**Instructions to follow:**
Transcribe every entry word for word, leaving out all images.

**Available data:**
━━━━━━━━━━━━━━━━━━━━
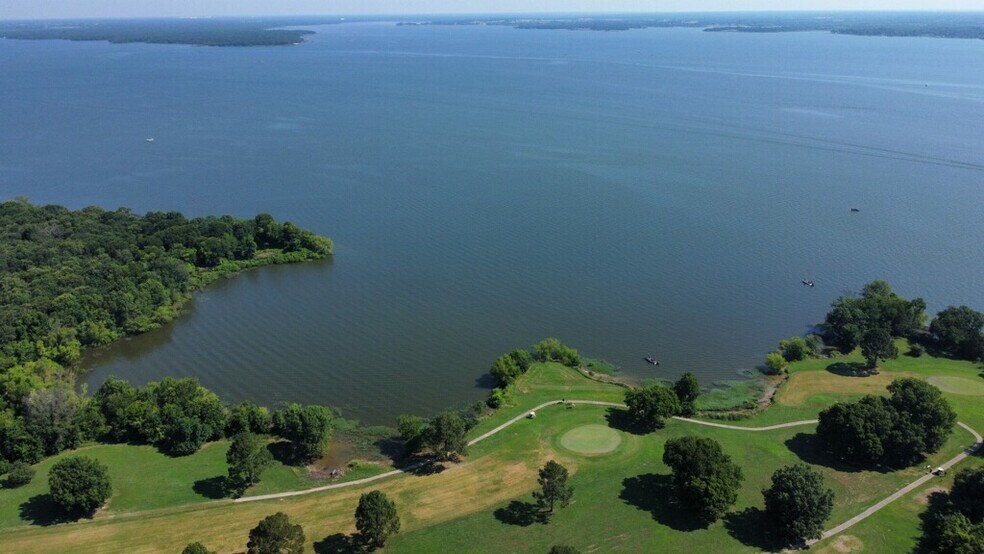 Primary Photo Of 2104 TX-276, West Tawakoni Sports And Entertainment For Sale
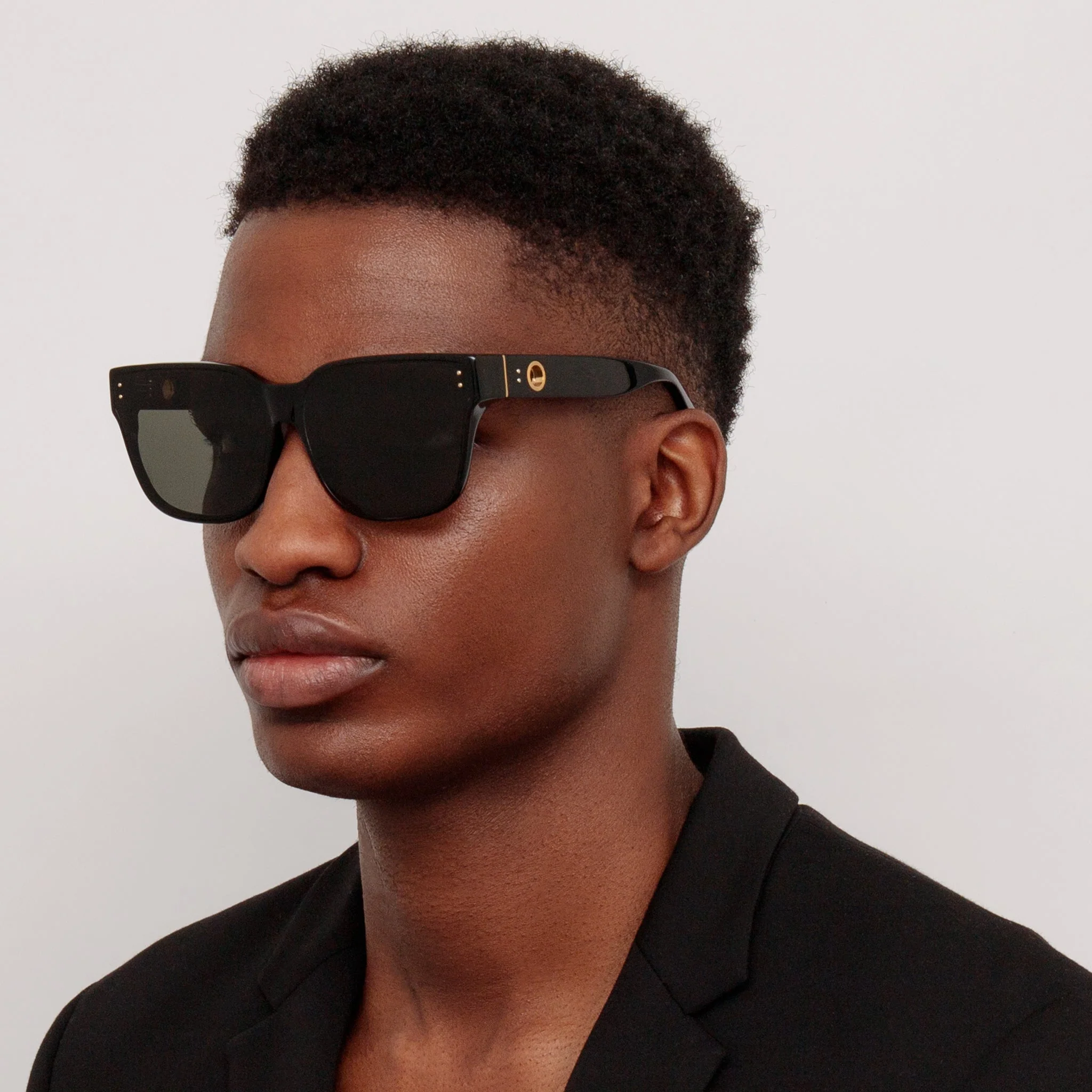 Rui Oversize Sunglasses in Black - Image 4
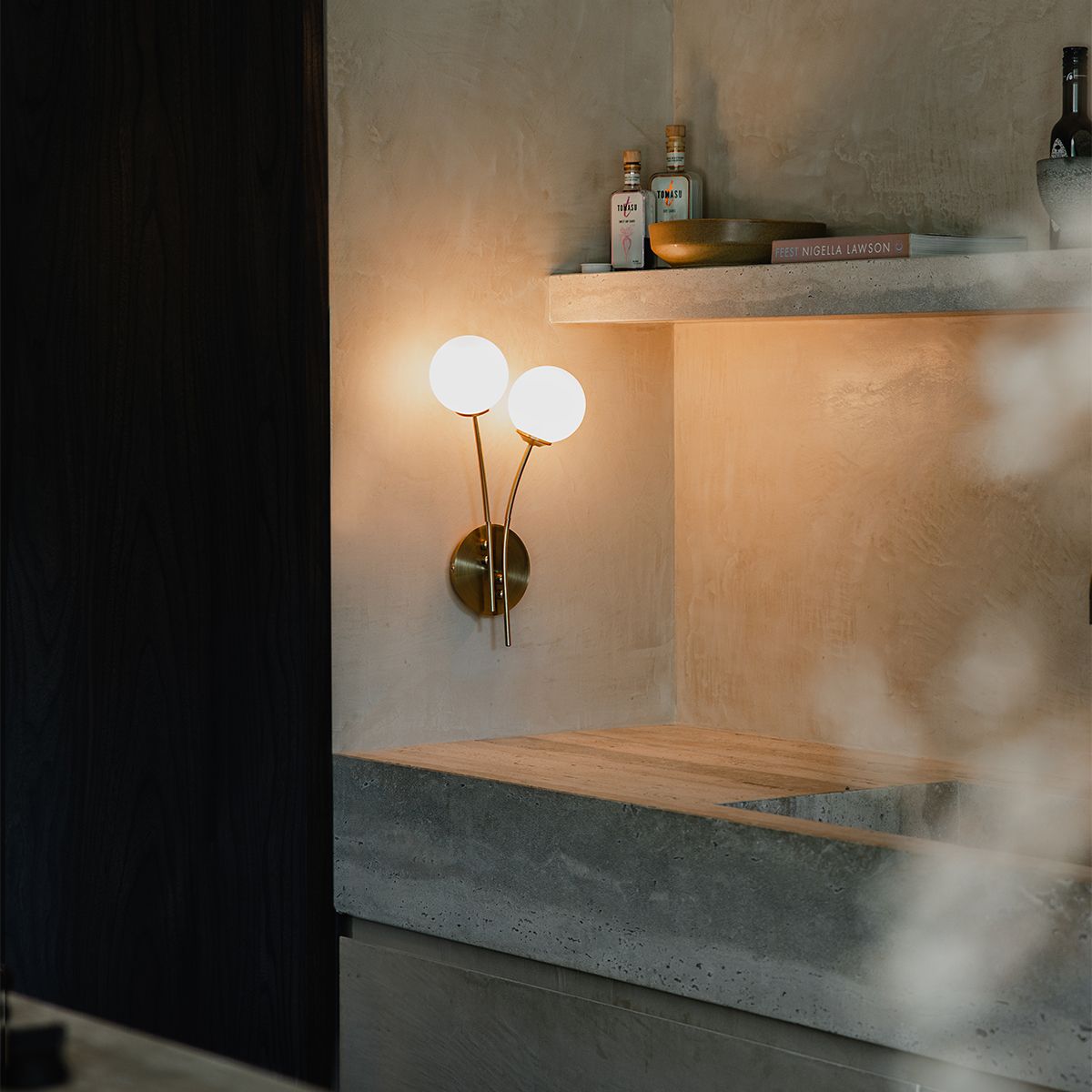 Moderne wandlamp goud met opaal glas 2-lichts  - Athens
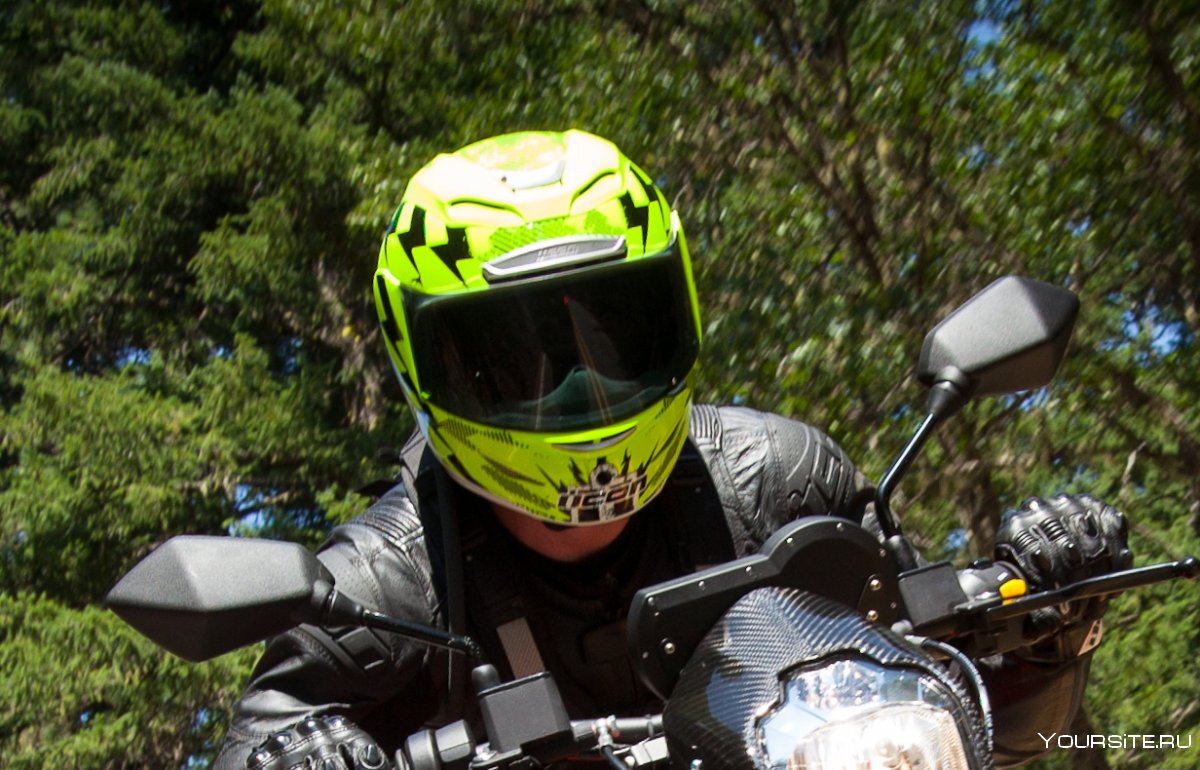 Мотоциклист в шлеме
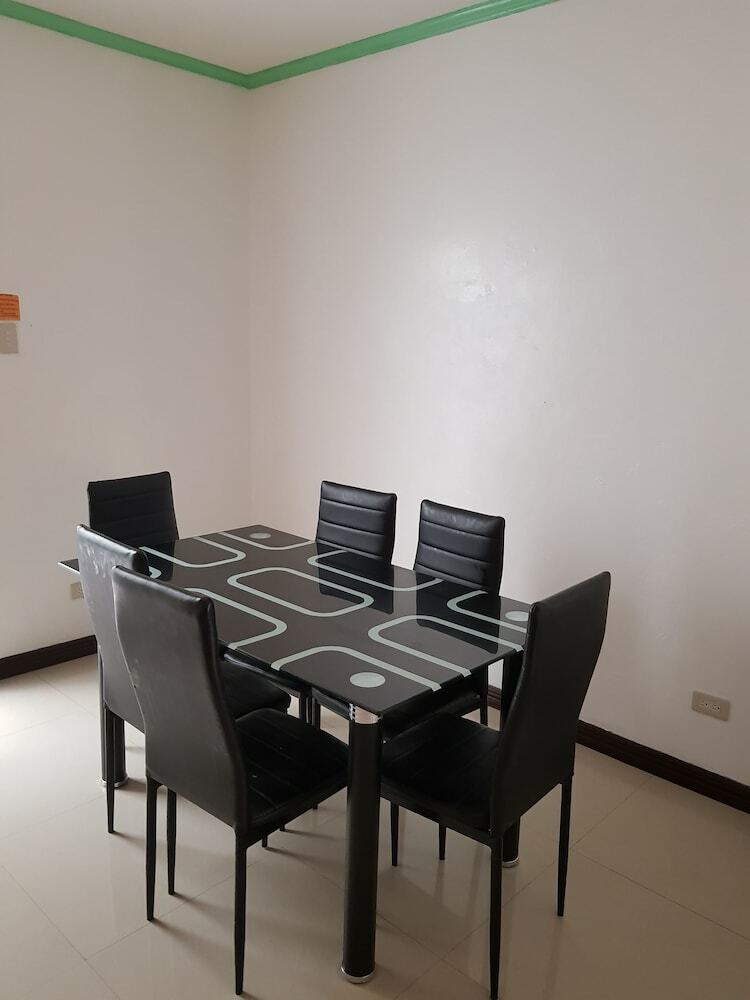 Unit 8 4br Zara Myshka Apartelle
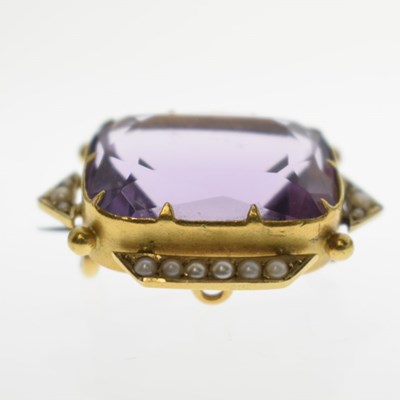 Lot 48 - Late Victorian/Edwardian amethyst seed pearl brooch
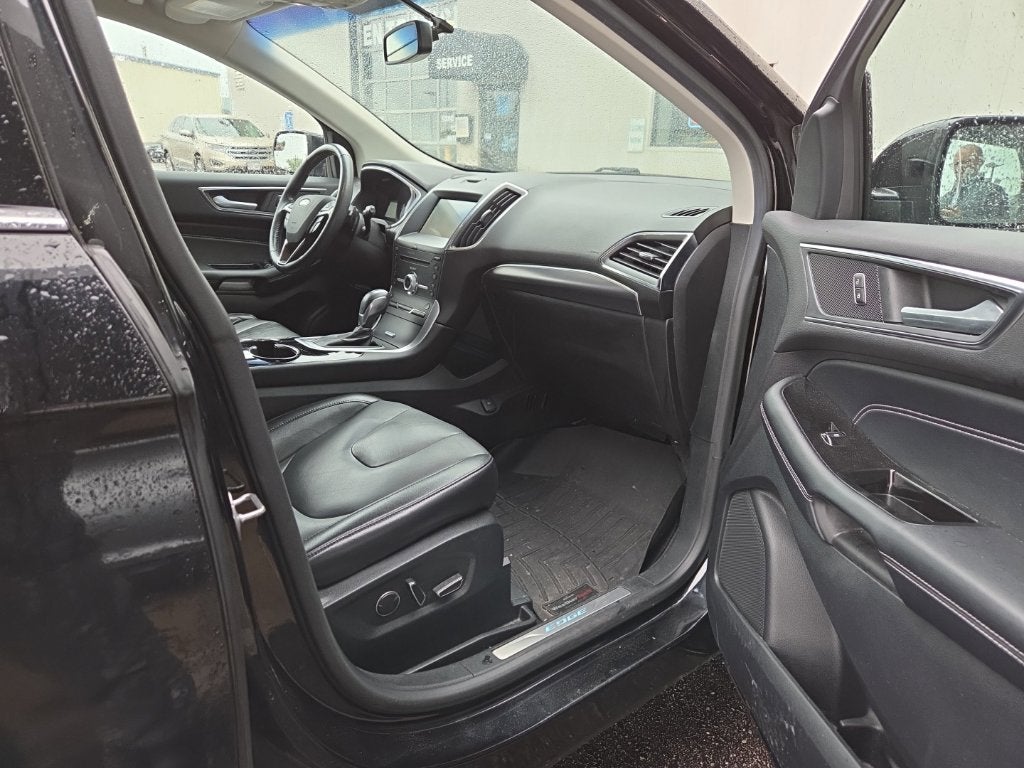 2018 Ford Edge Titanium Certified Near Janesville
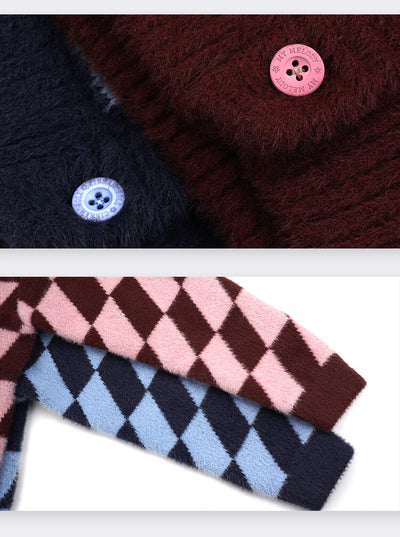 sanrio-letters-button-and-argyle-pattern-sleeve-details-display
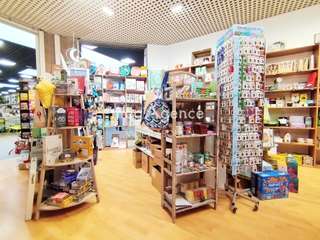 Bureaux et commerces 2 pièces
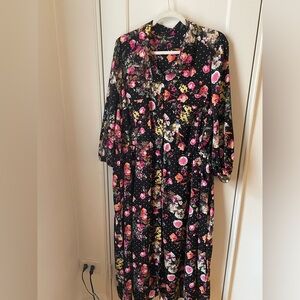 Belted Torrid Size 4 floral dress with pockets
━━━━━━━━━━━━━━━━━━━━
**Your response:**
 Primary Photo Of 2104 TX-276, West Tawakoni Sports And Entertainment For Sale
 Rui Oversize Sunglasses in Black - Image 4
 Moderne wandlamp goud met opaal glas 2-lichts  - Athens
 Мотоциклист в шлеме
 Unit 8 4br Zara Myshka Apartelle
 Lot 48 - Late Victorian/Edwardian amethyst seed pearl brooch
 2018 Ford Edge Titanium Certified Near Janesville
 sanrio-letters-button-and-argyle-pattern-sleeve-details-display
 Bureaux et commerces 2 pièces
 Belted Torrid Size 4 floral dress with pockets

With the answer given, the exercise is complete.